Unicode notes

Lacewing Blue, as of build 95+ of Blue Client and build 26+ of Blue Server, includes Unicode messaging.

Unicode is a character set used by Lacewing Blue in order to exchange messages that can feature any language, and any type of special character, such as a Right-To-Left modifier, emojis, etc.

Without Unicode, anyone not in a Latin-based country, for example anyone in an Asian or Arabic-speaking country, will not be able to communicate in their native language over Lacewing.

Unicode is implemented automatically for you, and is (to the extent it can be), backwards-compatible with non-Unicode (ANSI) Lacewing.

The maximum you will need to be concerned about is measuring bytes and code lengths, which are handled by the UTF-8 expressions (see in Blue Client and Server).

For a more detailed explanation on Unicode, read below.

Character sets used in Fusion

To understand how characters work, you will need an understanding of bits and bytes, which is covered under the Types of messages topic.
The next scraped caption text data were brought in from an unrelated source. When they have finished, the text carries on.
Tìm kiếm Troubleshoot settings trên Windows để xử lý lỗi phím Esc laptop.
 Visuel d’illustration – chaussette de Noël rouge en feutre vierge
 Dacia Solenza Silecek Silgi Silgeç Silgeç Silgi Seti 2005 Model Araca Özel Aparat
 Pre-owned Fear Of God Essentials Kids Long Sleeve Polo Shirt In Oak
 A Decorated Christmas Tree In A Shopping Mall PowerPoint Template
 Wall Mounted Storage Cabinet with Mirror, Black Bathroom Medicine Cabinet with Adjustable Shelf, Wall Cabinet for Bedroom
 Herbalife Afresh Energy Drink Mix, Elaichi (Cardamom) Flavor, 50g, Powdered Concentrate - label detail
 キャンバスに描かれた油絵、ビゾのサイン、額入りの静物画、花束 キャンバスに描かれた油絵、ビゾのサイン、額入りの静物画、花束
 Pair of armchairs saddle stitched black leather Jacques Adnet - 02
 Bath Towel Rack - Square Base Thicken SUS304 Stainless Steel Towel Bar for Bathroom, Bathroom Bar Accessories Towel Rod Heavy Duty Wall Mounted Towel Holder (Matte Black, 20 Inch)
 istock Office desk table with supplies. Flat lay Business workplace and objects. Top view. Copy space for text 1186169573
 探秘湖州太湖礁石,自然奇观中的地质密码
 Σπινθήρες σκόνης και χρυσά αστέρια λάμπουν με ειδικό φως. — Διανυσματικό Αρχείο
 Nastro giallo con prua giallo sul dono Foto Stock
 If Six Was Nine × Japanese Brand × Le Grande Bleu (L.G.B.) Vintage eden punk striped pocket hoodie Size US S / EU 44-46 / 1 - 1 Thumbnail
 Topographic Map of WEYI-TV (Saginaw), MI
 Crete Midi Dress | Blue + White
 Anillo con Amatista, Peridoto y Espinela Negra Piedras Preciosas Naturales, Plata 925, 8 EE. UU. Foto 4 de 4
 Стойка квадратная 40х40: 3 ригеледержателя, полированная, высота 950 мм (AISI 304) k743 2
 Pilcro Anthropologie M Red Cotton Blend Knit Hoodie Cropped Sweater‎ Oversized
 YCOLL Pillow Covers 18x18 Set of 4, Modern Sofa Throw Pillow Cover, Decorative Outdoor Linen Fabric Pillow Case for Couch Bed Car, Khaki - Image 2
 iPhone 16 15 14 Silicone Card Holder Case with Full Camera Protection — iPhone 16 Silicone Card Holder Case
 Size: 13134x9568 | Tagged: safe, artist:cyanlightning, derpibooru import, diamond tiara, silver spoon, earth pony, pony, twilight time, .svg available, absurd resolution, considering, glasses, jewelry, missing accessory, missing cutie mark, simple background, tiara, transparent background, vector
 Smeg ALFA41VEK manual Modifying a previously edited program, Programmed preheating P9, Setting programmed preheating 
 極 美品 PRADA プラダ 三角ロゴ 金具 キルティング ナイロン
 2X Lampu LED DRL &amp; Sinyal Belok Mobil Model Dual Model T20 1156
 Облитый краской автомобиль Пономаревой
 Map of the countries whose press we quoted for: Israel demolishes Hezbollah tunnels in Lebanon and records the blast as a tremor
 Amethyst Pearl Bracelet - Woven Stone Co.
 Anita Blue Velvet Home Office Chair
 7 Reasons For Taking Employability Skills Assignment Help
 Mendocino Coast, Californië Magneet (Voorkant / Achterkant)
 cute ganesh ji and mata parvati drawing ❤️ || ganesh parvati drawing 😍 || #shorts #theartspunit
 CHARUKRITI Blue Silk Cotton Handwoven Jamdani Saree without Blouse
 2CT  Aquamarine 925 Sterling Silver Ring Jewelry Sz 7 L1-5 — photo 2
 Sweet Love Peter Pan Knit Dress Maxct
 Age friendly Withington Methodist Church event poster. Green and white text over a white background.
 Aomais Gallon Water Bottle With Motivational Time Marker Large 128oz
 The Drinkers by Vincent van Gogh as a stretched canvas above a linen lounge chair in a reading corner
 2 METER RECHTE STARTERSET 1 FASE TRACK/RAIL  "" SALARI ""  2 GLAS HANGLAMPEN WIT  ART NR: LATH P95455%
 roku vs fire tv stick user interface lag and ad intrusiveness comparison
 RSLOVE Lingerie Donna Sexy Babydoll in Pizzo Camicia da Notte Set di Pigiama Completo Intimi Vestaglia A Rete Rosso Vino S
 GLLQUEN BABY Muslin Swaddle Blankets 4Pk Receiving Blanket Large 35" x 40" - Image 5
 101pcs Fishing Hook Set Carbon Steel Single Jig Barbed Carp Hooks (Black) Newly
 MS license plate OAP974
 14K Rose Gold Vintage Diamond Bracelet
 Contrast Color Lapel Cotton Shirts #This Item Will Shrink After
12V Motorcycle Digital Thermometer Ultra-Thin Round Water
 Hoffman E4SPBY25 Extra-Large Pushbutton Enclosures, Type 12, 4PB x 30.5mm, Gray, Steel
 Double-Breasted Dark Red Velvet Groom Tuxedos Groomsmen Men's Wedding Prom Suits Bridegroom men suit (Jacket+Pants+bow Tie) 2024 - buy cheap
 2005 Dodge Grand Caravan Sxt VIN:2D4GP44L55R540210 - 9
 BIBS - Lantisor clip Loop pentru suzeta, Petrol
Read that before proceeding.

Now you've read that and understand how a byte stores a number from 0 to 255 inclusive, and you should also know that the number of a byte is translated to text according to an internal table, called the "character set".

You will encounter two character sets used by normal Fusion and extensions: ANSI and UTF-16.

ANSI

The ANSI character set is half of the ASCII character set, and the other half dependent on the system language. Most English Windows systems will use Windows-1252, but other languages use different ones, for the same byte range.

ASCII is byte range 0 to 127, always the same everywhere.
You can see the table of the ASCII characters here.
ANSI is byte range 128-255.
How bytes 128-255 are displayed depends on the code page used when translating.
For example, Greek Windows and English Windows use different code pages.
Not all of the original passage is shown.